### [Description of the task]
The data below must be repeated exactly. Leave nothing out.

### [Material for this exercise]
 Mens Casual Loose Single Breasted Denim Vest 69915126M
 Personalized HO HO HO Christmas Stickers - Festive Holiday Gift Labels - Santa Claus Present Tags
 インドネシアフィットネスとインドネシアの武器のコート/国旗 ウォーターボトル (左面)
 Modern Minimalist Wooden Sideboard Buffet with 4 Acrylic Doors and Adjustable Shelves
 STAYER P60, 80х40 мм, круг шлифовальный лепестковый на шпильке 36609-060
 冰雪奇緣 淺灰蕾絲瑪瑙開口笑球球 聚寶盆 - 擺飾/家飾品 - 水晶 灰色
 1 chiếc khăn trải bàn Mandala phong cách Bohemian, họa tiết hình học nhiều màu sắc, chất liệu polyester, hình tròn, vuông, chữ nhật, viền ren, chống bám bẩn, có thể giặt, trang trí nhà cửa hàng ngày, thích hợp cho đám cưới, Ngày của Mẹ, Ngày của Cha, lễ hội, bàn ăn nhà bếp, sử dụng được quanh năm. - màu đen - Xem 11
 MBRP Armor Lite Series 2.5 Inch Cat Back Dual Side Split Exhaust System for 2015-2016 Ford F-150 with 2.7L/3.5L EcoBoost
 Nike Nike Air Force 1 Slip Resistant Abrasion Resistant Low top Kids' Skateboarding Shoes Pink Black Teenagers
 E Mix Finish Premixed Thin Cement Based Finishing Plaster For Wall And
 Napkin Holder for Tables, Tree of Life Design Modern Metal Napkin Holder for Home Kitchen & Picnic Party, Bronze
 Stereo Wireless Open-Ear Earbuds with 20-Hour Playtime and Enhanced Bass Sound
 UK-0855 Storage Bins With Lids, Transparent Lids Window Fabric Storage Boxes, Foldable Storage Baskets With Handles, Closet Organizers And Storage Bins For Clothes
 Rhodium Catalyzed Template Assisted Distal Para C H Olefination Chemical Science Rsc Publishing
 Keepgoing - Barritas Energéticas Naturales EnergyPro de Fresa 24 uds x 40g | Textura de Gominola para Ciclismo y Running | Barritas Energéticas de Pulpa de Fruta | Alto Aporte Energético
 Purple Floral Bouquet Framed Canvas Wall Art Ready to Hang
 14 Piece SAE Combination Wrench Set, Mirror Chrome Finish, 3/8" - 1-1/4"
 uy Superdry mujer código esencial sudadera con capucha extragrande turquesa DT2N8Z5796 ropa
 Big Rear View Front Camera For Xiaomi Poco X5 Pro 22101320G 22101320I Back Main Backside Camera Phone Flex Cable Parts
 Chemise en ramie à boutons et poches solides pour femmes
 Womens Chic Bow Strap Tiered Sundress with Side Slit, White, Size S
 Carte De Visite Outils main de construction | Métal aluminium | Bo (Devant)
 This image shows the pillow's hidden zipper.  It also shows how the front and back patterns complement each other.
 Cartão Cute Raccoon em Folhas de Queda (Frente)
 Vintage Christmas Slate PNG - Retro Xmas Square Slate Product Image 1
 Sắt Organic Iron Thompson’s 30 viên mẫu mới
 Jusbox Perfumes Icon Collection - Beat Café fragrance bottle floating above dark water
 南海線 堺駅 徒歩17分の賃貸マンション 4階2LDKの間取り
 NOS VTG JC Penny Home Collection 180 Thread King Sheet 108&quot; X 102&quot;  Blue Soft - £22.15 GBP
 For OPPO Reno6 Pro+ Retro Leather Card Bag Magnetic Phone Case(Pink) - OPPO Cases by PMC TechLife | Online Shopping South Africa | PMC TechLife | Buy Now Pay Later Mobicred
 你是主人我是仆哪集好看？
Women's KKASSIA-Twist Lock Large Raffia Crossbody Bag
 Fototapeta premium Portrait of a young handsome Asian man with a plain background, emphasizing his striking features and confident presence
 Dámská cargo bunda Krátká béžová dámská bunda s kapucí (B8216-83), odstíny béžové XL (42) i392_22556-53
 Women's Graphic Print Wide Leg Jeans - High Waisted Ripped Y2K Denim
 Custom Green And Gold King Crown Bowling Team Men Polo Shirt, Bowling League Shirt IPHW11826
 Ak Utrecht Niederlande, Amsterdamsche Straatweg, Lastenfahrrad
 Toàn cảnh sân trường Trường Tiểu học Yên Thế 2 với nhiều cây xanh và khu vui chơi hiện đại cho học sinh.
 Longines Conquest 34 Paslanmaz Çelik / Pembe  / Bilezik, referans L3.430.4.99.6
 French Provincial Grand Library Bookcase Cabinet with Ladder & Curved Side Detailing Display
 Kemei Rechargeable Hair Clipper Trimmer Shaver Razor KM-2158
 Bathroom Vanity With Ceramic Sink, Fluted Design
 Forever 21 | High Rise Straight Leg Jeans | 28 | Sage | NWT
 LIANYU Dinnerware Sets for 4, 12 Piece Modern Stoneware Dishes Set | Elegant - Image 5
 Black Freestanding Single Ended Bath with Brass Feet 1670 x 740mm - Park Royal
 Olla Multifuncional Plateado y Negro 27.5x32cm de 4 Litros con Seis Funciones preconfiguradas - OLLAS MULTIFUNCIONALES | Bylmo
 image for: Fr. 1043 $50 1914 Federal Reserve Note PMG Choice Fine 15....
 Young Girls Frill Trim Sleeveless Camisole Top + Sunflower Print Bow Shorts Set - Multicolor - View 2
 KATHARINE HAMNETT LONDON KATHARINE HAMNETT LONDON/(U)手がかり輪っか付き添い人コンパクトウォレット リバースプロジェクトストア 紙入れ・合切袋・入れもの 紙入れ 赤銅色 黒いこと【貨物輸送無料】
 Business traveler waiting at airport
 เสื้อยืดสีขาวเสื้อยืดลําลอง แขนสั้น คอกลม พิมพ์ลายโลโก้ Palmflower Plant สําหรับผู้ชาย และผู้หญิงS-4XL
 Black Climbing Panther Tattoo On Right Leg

### [Response below]
 Mens Casual Loose Single Breasted Denim Vest 69915126M
 Personalized HO HO HO Christmas Stickers - Festive Holiday Gift Labels - Santa Claus Present Tags
 インドネシアフィットネスとインドネシアの武器のコート/国旗 ウォーターボトル (左面)
 Modern Minimalist Wooden Sideboard Buffet with 4 Acrylic Doors and Adjustable Shelves
 STAYER P60, 80х40 мм, круг шлифовальный лепестковый на шпильке 36609-060
 冰雪奇緣 淺灰蕾絲瑪瑙開口笑球球 聚寶盆 - 擺飾/家飾品 - 水晶 灰色
 1 chiếc khăn trải bàn Mandala phong cách Bohemian, họa tiết hình học nhiều màu sắc, chất liệu polyester, hình tròn, vuông, chữ nhật, viền ren, chống bám bẩn, có thể giặt, trang trí nhà cửa hàng ngày, thích hợp cho đám cưới, Ngày của Mẹ, Ngày của Cha, lễ hội, bàn ăn nhà bếp, sử dụng được quanh năm. - màu đen - Xem 11
 MBRP Armor Lite Series 2.5 Inch Cat Back Dual Side Split Exhaust System for 2015-2016 Ford F-150 with 2.7L/3.5L EcoBoost
 Nike Nike Air Force 1 Slip Resistant Abrasion Resistant Low top Kids' Skateboarding Shoes Pink Black Teenagers
 E Mix Finish Premixed Thin Cement Based Finishing Plaster For Wall And
 Napkin Holder for Tables, Tree of Life Design Modern Metal Napkin Holder for Home Kitchen & Picnic Party, Bronze
 Stereo Wireless Open-Ear Earbuds with 20-Hour Playtime and Enhanced Bass Sound
 UK-0855 Storage Bins With Lids, Transparent Lids Window Fabric Storage Boxes, Foldable Storage Baskets With Handles, Closet Organizers And Storage Bins For Clothes
 Rhodium Catalyzed Template Assisted Distal Para C H Olefination Chemical Science Rsc Publishing
 Keepgoing - Barritas Energéticas Naturales EnergyPro de Fresa 24 uds x 40g | Textura de Gominola para Ciclismo y Running | Barritas Energéticas de Pulpa de Fruta | Alto Aporte Energético
 Purple Floral Bouquet Framed Canvas Wall Art Ready to Hang
 14 Piece SAE Combination Wrench Set, Mirror Chrome Finish, 3/8" - 1-1/4"
 uy Superdry mujer código esencial sudadera con capucha extragrande turquesa DT2N8Z5796 ropa
 Big Rear View Front Camera For Xiaomi Poco X5 Pro 22101320G 22101320I Back Main Backside Camera Phone Flex Cable Parts
 Chemise en ramie à boutons et poches solides pour femmes
 Womens Chic Bow Strap Tiered Sundress with Side Slit, White, Size S
 Carte De Visite Outils main de construction | Métal aluminium | Bo (Devant)
 This image shows the pillow's hidden zipper.  It also shows how the front and back patterns complement each other.
 Cartão Cute Raccoon em Folhas de Queda (Frente)
 Vintage Christmas Slate PNG - Retro Xmas Square Slate Product Image 1
 Sắt Organic Iron Thompson’s 30 viên mẫu mới
 Jusbox Perfumes Icon Collection - Beat Café fragrance bottle floating above dark water
 南海線 堺駅 徒歩17分の賃貸マンション 4階2LDKの間取り
 NOS VTG JC Penny Home Collection 180 Thread King Sheet 108&quot; X 102&quot;  Blue Soft - £22.15 GBP
 For OPPO Reno6 Pro+ Retro Leather Card Bag Magnetic Phone Case(Pink) - OPPO Cases by PMC TechLife | Online Shopping South Africa | PMC TechLife | Buy Now Pay Later Mobicred
 你是主人我是仆哪集好看？
Women's KKASSIA-Twist Lock Large Raffia Crossbody Bag
 Fototapeta premium Portrait of a young handsome Asian man with a plain background, emphasizing his striking features and confident presence
 Dámská cargo bunda Krátká béžová dámská bunda s kapucí (B8216-83), odstíny béžové XL (42) i392_22556-53
 Women's Graphic Print Wide Leg Jeans - High Waisted Ripped Y2K Denim
 Custom Green And Gold King Crown Bowling Team Men Polo Shirt, Bowling League Shirt IPHW11826
 Ak Utrecht Niederlande, Amsterdamsche Straatweg, Lastenfahrrad
 Toàn cảnh sân trường Trường Tiểu học Yên Thế 2 với nhiều cây xanh và khu vui chơi hiện đại cho học sinh.
 Longines Conquest 34 Paslanmaz Çelik / Pembe  / Bilezik, referans L3.430.4.99.6
 French Provincial Grand Library Bookcase Cabinet with Ladder & Curved Side Detailing Display
 Kemei Rechargeable Hair Clipper Trimmer Shaver Razor KM-2158
 Bathroom Vanity With Ceramic Sink, Fluted Design
 Forever 21 | High Rise Straight Leg Jeans | 28 | Sage | NWT
 LIANYU Dinnerware Sets for 4, 12 Piece Modern Stoneware Dishes Set | Elegant - Image 5
 Black Freestanding Single Ended Bath with Brass Feet 1670 x 740mm - Park Royal
 Olla Multifuncional Plateado y Negro 27.5x32cm de 4 Litros con Seis Funciones preconfiguradas - OLLAS MULTIFUNCIONALES | Bylmo
 image for: Fr. 1043 $50 1914 Federal Reserve Note PMG Choice Fine 15....
 Young Girls Frill Trim Sleeveless Camisole Top + Sunflower Print Bow Shorts Set - Multicolor - View 2
 KATHARINE HAMNETT LONDON KATHARINE HAMNETT LONDON/(U)手がかり輪っか付き添い人コンパクトウォレット リバースプロジェクトストア 紙入れ・合切袋・入れもの 紙入れ 赤銅色 黒いこと【貨物輸送無料】
 Business traveler waiting at airport
 เสื้อยืดสีขาวเสื้อยืดลําลอง แขนสั้น คอกลม พิมพ์ลายโลโก้ Palmflower Plant สําหรับผู้ชาย และผู้หญิงS-4XL
 Black Climbing Panther Tattoo On Right Leg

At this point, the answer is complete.